##### SUPPLIED INFORMATION

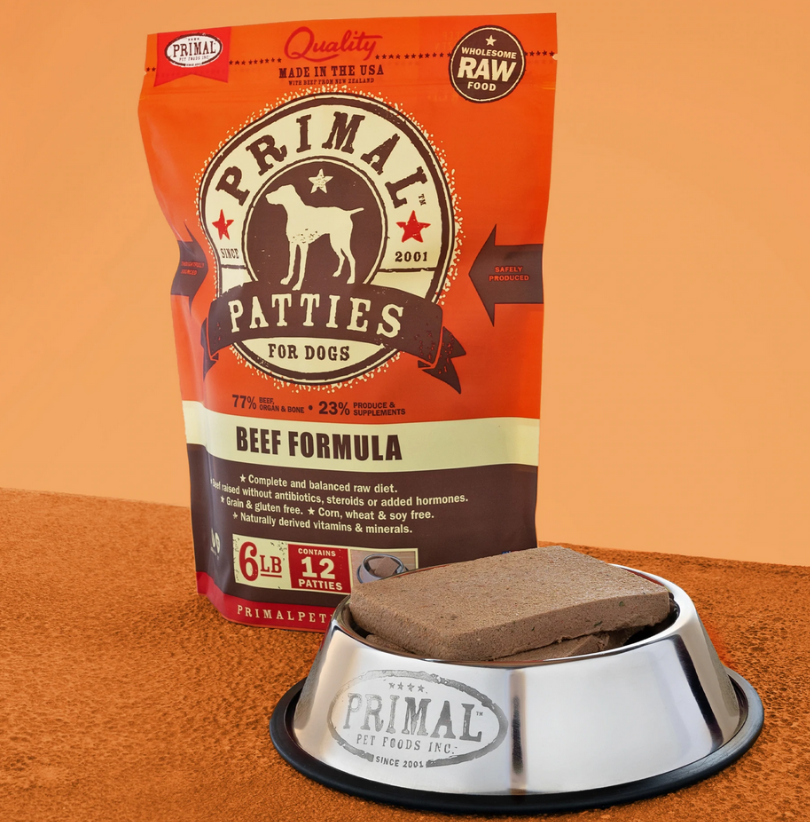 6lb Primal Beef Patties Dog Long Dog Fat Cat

##########
##### SUPPLIED INFORMATION

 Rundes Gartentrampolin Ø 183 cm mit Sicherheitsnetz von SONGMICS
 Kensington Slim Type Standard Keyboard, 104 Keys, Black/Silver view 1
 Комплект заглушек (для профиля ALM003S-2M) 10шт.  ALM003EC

##########
##### SUPPLIED INFORMATION

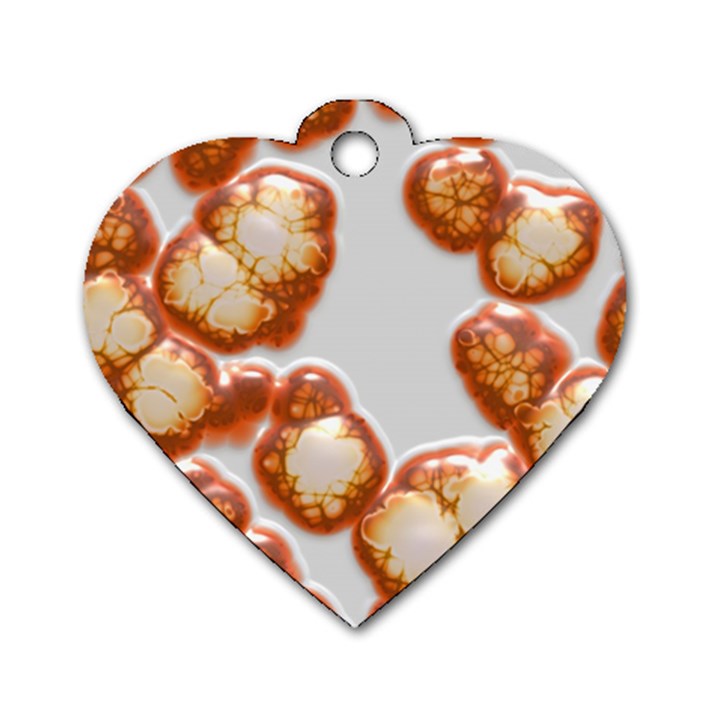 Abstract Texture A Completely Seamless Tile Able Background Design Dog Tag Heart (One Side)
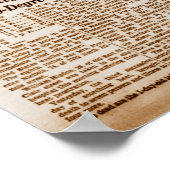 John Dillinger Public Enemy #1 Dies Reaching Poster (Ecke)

##########

WHAT TO PRODUCE: Reproduce, exactly as they stand in the data above, the lines from the one that holds "Rundes Gartentrampolin Ø" to the one that holds "Комплект заглушек (для", inclusive.

TASK RESPONSE:
 Rundes Gartentrampolin Ø 183 cm mit Sicherheitsnetz von SONGMICS
 Kensington Slim Type Standard Keyboard, 104 Keys, Black/Silver view 1
 Комплект заглушек (для профиля ALM003S-2M) 10шт.  ALM003EC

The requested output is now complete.